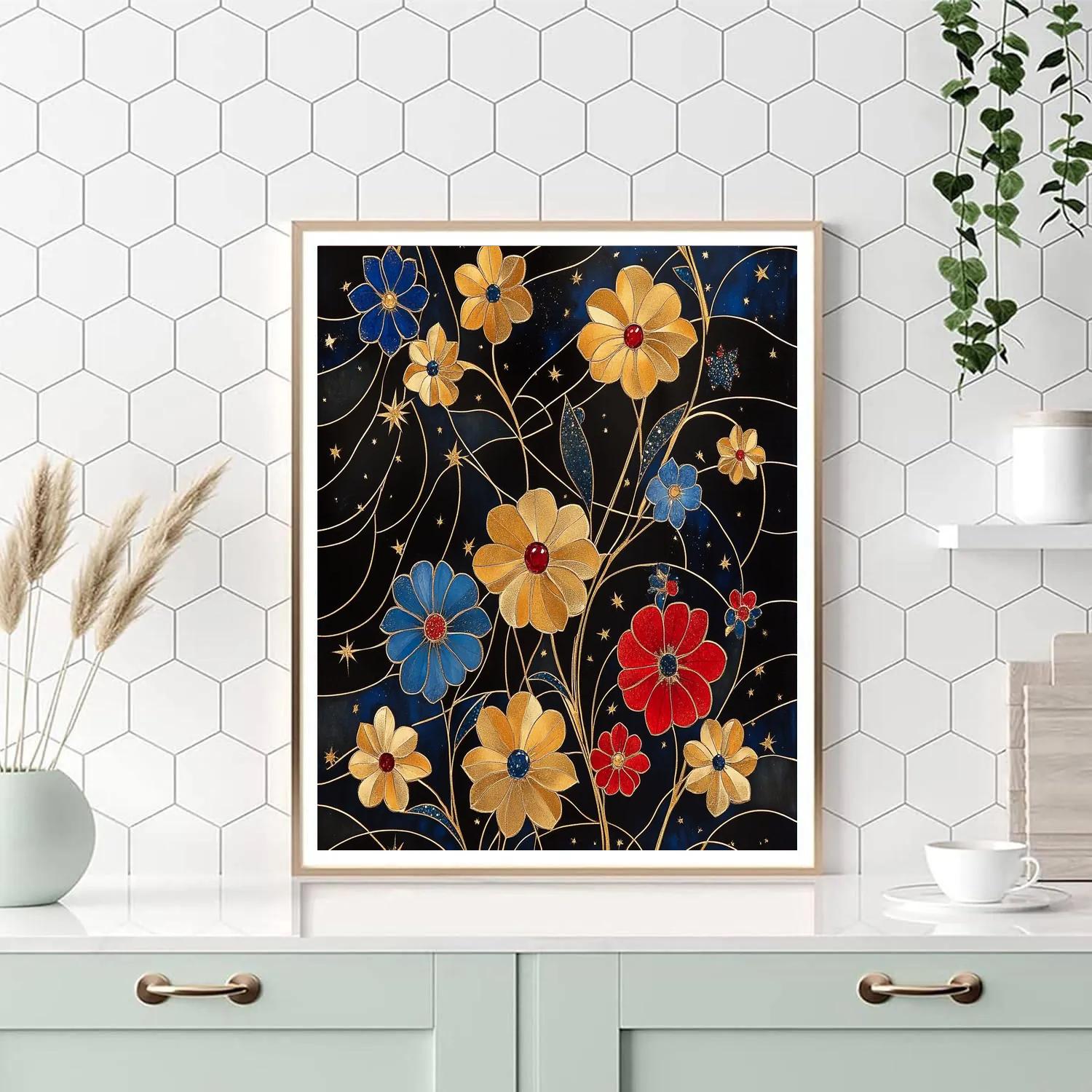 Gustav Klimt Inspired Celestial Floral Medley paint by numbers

────────────────────

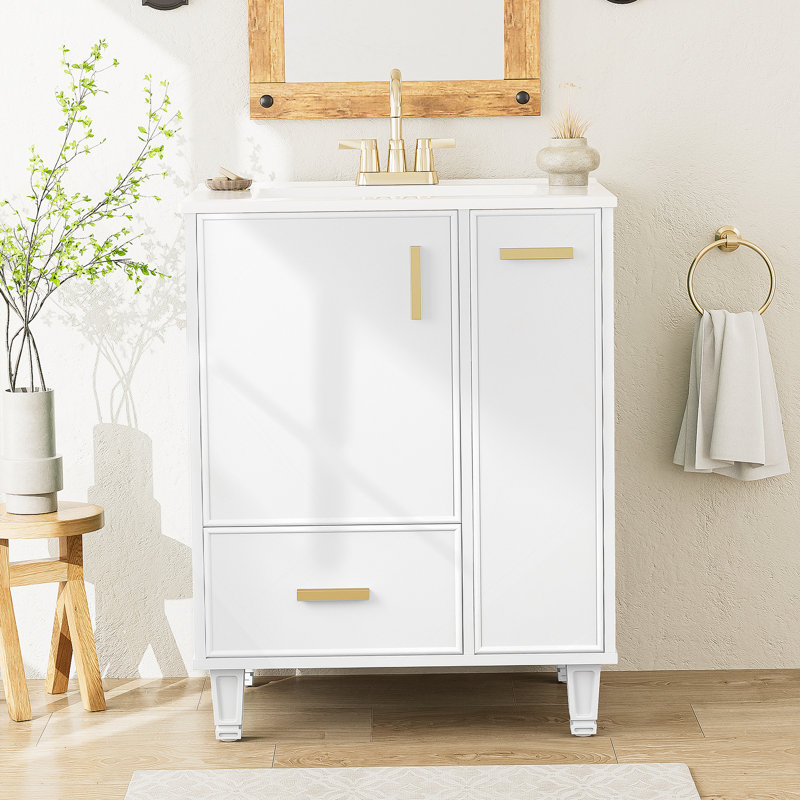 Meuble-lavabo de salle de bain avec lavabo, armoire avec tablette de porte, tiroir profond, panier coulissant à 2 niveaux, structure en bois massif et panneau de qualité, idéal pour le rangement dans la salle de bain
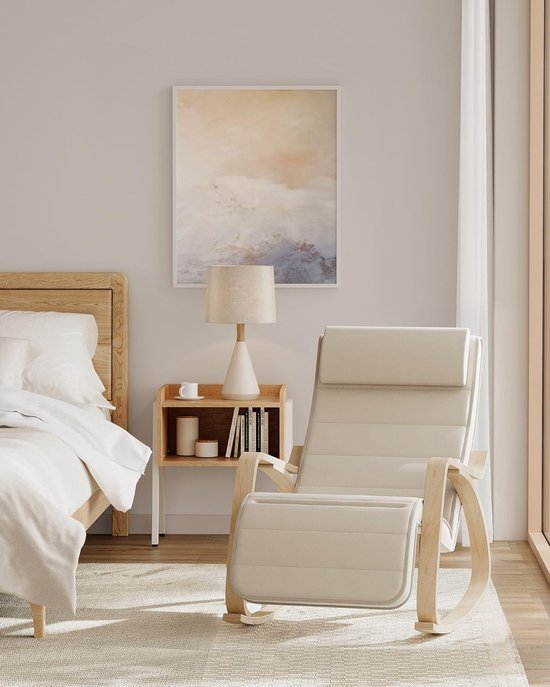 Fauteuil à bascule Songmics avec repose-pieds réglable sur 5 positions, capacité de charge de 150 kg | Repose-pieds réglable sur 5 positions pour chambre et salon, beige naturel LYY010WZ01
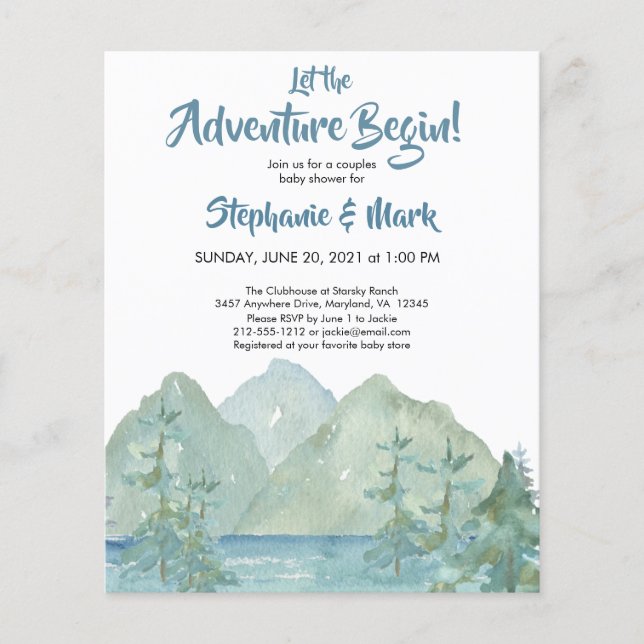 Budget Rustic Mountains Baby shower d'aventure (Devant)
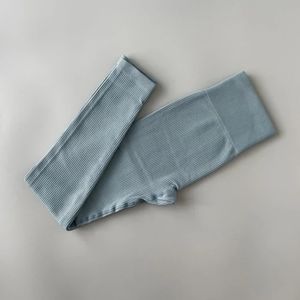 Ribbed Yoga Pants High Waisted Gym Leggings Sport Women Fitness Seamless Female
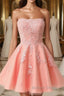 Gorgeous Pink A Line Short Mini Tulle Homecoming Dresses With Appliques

────────────────────

• [Your task] Here the job is to copy the stretch of records from the line containing "Ribbed Yoga Pants" through the line containing "Gorgeous Pink A", word for word. Leave every picture out.

• [Written response]
 Ribbed Yoga Pants High Waisted Gym Leggings Sport Women Fitness Seamless Female
 Gorgeous Pink A Line Short Mini Tulle Homecoming Dresses With Appliques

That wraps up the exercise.